Once located, we’ll request that you send us a sample or two of some past dates, along with a backup of your MusicMaster database. Additionally, (if you know it) we’ll request that you tell us the “path” on your network or machine that MusicMaster will look to each time you decide to reconcile a day. We can help you locate this path as well if needed (as part of a call/GoToMeeting session with your Music Scheduling Consultant.)
Chances are, we’ve seen an “as run” file before from the vendor of your automation system, and we’ll be able to quickly configure what we call a Reconciliation Definition file (we call them “defs” for short) that will work perfectly with your individual MusicMaster database. Shortly thereafter, you’ll receive a “turnkey” .def file from us that is ready to plug into your MusicMaster directory and reconcile some dates!
It is important to make certain you’ve made a verifiable database backup in advance of testing out the reconciliation process for the first time (let your MSC know right away if you are not clear on this step!) That way, once the process is run and you have a chance to put a keen eye to the report that is generated for your test date, if you notice any discrepancies or items you have questions about, you can “put things back to the way that they were” (before you ran reconciliation) and we can work together and discuss the issues that come up, or make any additional tweaks that may be needed to your database or the provided definition file.

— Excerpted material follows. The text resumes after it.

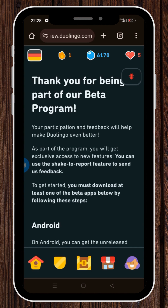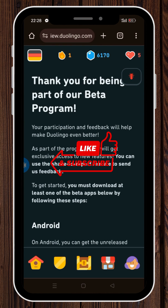Now, the next step is to go to the Play Store and download the Duolingo app. You will automatically receive the beta version of it, which includes the Duolingo Math access. And that was all. Thank you for watching this video. Make sure to like it and subscribe to this channel for more useful tutorials in the future.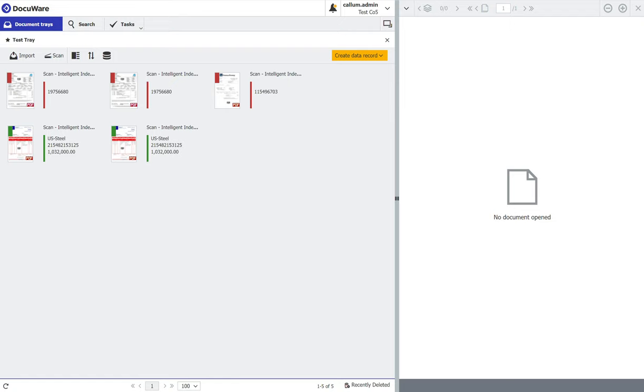Hey guys, welcome to another one of my DocuWare tutorial videos. One of the biggest things we get asked is can DocuWare automatically store invoices?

To access your reconciliation definition file inside your MusicMaster database, Go to DATASET-SCHEDULER-RECONCILE. From the window that appears, select the date you want to reconcile. The first time you run this, we would suggest you select just a one day time period, so you can be certain the process has run correctly.
A few notes on the process and the report that is generated. MusicMaster will only match to items that exist in both the automation system file and your MMWIN database (typically automation file numbers are used for a match) so it will not add anything to your MusicMaster database that wasn’t already there as part of the reconciliation process. Additionally, it will not be able to account for any information that is part of your MusicMaster database via log notes. It is a good idea to wait until the end of the current broadcast day to reconcile that days “as run” file. Here is a small sample of what you might see:
In this example, a song is added and one is removed from the midnight hour. The 1AM hour had no changes. Again, your MusicMaster consultant will be able to help you interpret what you are seeing in the report that is generated, as well as assist you in addressing any special circumstances that may require either changes in your database or in the definition file for your specific circumstances. You can save the report using the icon on the toolbar if you wish to review it at a later time.
Once set up, you’ll have an accurate way to know what has and hasn’t played. That means any report you run, whether for yourself or for some governmental agency, will be an accurate reflection of what really happened on your station.